In any case, we'll proceed in alphabetical order by city.
Arizona Diamondbacks: Zack Greinke Stays
Record: 53-53, 3rd in NL West
The Arizona Diamondbacks are technically in contention for the National League's second wild-card spot. According to Jon Morosi of MLB.com, however, they're "focused intently on selling."
Further, it seems that just about every big-name player on Arizona's roster is there for the taking. The list is headlined by ace right-hander Zack Greinke, who's fresh off earning his sixth career All-Star nod.
But as always, the smart money is on him staying put. There are few logical fits for him out there and—judging from his MLB Trade Rumors page—seemingly even fewer interested parties.
In a related story, Greinke's $206.5 million deal and 15-team no-trade list massively complicate his trade value. It's much easier to see the D-backs moving him over the winter than ahead of Wednesday's rapidly approaching deadline.
Atlanta Braves: They'll Trade for Mychal Givens
Record: 62-44, 1st in NL East
The Atlanta Braves are a first-place team with pitching needs and an elite farm system to barter with. In theory, these things make them a candidate to pull off a blockbuster or two.
In actuality, the Braves might just as soon protect their best prospects as trade them. Specifically, Gabriel Burns of the Atlanta Journal-Constitutionzeroed in on outfielders Cristian Pache and Drew Waters and righties Ian Anderson and Kyle Wright as likely untouchables.
Besides, Atlanta's pitching staff is in better shape now than it was earlier this season. Its only true need might be a late-inning reliever to help Luke Jackson shoulder the load.
To wit, Ken Rosenthal of The Athletic reported that the Braves are interested in Baltimore Orioles righty Mychal Givens. He should have a reasonable acquisition cost for a guy who's controlled through 2021. And if nothing else, he's an excellent source of strikeouts.

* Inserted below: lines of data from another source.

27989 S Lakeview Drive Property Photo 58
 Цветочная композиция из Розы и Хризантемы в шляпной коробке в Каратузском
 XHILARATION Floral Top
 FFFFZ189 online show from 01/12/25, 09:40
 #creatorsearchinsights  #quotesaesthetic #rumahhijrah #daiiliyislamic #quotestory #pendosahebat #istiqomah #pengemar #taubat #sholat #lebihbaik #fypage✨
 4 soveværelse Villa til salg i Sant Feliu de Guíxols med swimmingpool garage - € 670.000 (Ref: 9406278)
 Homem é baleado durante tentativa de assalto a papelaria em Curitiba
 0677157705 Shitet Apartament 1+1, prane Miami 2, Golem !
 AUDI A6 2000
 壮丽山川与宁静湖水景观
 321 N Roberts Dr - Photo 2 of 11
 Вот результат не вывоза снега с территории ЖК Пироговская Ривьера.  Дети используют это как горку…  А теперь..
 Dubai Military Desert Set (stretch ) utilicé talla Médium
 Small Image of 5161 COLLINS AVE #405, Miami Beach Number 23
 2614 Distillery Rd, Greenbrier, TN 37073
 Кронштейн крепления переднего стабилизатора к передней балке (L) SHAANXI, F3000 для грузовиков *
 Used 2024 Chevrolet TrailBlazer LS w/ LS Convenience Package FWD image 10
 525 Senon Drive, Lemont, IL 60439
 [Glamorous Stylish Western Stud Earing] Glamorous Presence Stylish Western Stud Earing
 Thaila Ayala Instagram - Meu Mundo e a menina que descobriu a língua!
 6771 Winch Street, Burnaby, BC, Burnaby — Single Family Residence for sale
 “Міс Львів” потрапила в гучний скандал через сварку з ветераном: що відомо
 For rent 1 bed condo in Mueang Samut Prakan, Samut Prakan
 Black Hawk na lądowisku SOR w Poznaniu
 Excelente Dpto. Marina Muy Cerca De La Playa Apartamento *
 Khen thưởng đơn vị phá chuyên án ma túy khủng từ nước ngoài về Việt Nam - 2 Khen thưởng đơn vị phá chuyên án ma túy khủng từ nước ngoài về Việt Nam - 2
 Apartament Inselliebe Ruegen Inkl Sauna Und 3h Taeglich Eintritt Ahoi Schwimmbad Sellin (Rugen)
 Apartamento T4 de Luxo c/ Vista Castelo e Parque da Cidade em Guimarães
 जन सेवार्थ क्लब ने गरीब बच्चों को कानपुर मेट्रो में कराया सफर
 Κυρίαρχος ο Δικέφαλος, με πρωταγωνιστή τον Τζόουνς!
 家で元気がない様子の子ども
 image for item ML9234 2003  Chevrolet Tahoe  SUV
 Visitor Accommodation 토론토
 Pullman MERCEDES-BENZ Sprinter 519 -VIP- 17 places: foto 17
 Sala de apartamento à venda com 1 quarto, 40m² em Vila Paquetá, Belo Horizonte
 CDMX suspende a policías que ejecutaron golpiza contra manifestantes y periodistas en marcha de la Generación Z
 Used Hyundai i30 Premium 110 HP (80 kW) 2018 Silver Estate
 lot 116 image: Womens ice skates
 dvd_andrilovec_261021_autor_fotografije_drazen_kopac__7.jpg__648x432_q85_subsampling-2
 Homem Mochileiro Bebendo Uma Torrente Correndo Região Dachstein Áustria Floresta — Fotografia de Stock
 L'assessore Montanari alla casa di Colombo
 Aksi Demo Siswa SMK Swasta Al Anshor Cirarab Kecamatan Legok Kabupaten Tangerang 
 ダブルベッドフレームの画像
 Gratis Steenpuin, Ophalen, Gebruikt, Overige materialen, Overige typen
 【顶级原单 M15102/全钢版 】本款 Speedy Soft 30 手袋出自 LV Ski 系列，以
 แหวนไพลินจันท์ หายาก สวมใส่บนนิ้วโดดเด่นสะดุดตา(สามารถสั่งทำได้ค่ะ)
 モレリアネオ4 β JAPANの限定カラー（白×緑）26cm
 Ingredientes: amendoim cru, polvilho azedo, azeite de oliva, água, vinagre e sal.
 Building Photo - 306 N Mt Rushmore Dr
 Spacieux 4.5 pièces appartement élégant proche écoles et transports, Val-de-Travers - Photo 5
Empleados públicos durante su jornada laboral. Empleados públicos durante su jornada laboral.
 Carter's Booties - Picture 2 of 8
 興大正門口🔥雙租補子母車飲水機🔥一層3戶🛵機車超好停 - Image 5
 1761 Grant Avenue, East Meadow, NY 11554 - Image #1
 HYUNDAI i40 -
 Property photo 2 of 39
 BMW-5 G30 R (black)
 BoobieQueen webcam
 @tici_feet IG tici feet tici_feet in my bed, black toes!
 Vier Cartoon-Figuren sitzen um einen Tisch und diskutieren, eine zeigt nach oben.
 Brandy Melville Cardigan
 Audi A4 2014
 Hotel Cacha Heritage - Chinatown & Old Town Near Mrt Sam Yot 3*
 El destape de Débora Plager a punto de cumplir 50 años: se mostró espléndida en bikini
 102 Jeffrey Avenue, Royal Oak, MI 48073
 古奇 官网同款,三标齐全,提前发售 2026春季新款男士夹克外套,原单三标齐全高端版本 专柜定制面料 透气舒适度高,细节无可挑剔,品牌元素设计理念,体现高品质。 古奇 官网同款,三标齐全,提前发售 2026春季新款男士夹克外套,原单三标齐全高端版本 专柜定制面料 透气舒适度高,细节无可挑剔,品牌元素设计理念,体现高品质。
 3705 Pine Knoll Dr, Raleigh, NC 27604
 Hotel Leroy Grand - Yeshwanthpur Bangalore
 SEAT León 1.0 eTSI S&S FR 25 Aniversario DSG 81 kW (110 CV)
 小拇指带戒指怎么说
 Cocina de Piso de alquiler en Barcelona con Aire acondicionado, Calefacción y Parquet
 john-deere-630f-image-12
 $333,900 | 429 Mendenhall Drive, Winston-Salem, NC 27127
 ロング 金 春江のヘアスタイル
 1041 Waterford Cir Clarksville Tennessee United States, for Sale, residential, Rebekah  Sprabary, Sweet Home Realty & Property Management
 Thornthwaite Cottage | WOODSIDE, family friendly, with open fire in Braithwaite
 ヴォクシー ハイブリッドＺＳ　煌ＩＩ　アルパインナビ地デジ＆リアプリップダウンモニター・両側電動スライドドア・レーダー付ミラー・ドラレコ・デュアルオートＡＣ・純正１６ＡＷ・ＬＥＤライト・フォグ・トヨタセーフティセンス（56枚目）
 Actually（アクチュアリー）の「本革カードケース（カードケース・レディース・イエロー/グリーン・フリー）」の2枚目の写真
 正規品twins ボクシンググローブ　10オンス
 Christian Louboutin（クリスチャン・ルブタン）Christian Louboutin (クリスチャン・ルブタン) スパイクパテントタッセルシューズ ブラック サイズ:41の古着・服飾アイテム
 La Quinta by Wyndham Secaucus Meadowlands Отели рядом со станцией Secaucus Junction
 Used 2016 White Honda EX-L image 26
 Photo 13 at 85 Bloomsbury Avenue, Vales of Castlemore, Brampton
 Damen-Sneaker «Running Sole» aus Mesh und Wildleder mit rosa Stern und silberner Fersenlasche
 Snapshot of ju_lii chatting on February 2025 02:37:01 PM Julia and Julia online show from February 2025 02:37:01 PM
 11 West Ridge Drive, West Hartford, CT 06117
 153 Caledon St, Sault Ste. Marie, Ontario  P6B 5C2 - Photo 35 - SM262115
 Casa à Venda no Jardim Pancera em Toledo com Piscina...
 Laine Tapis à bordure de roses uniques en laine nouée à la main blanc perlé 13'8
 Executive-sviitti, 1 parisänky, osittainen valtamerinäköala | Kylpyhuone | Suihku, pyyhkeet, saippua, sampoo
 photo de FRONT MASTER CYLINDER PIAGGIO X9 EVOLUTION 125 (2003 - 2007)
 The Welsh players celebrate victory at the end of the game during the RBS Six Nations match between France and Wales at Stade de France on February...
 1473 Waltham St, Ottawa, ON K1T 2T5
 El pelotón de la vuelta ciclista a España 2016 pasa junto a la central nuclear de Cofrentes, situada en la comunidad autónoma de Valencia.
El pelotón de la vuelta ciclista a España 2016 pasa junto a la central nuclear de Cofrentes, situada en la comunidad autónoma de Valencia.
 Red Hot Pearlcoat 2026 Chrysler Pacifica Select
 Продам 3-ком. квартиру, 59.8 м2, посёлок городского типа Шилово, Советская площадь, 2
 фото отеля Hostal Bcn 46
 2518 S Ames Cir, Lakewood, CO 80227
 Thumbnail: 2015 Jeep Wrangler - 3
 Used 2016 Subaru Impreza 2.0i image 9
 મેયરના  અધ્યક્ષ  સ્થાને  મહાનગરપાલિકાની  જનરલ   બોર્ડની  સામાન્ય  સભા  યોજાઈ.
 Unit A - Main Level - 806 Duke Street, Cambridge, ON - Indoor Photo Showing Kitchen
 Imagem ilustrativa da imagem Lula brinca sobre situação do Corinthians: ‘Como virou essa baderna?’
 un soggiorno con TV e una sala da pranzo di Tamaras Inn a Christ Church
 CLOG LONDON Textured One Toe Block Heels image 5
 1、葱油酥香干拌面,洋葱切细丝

Baltimore Orioles: Trey Mancini Stays
Record: 35-70, 5th in AL East
Speaking of Orioles trade chips, there aren't many good ones in Baltimore outside of Givens. It's mostly a collection of has-beens and never-will-bes.
Save for Trey Mancini, of course. But moving him isn't something the Orioles want to do.
"As I've said and discussed all along, we’re in a position in our competitive cycle where we need to be open to anything that comes our way," O's GM Mike Elias told Dan Connolly of The Athletic. "But Trey’s the type of guy that you want around and that you want on your roster going forward."
The Orioles control Mancini, who has an .869 OPS and 24 home runs, through 2022, so they'll surely only move him if a team blows them away with an offer. Between his iffy defense and the general shortage of offense-needy contenders around MLB, there are big hurdles in the way of such an offer.
Boston Red Sox: They'll Trade for Alex Colome
Record: 59-48, 3rd in AL East
After the Boston Red Sox added Andrew Cashner, president of baseball operations Dave Dombrowski told reporters (including Chris Cotillo of MassLive.com): "We like how our club looks, but we've liked how our club looks for a long time. I think we're starting to play better."
These words ring true in the wake of Boston's domination of the New York Yankees over the weekend. But rather than stand pat, it's possible that Dombrowski will now be emboldened to add another key piece.
The Red Sox have been interested in San Diego Padres closer Kirby Yates and Toronto Blue Jays closer Ken Giles, according to Morosi. But since neither righty's price tags lines up with the Red Sox's MLB-worst farm system, they might have to pivot to a Plan B.
Speculatively, Chicago White Sox righty Alex Colome is an affordable yet still desirable—he's put up a 2.27 ERA this season—alternative to Giles and Yates. As a bonus, they'd control him through 2020.
Chicago Cubs: They'll Trade for Nicholas Castellanos and Shane Greene
Record: 56-49, T-1st in NL Central
Apart from a 22-6 stretch in April and May, the Chicago Cubs' 2019 season has mostly been a slog. And now that the St. Louis Cardinals (56-49) and Milwaukee Brewers (56-51) have caught them, it's time to do something about it.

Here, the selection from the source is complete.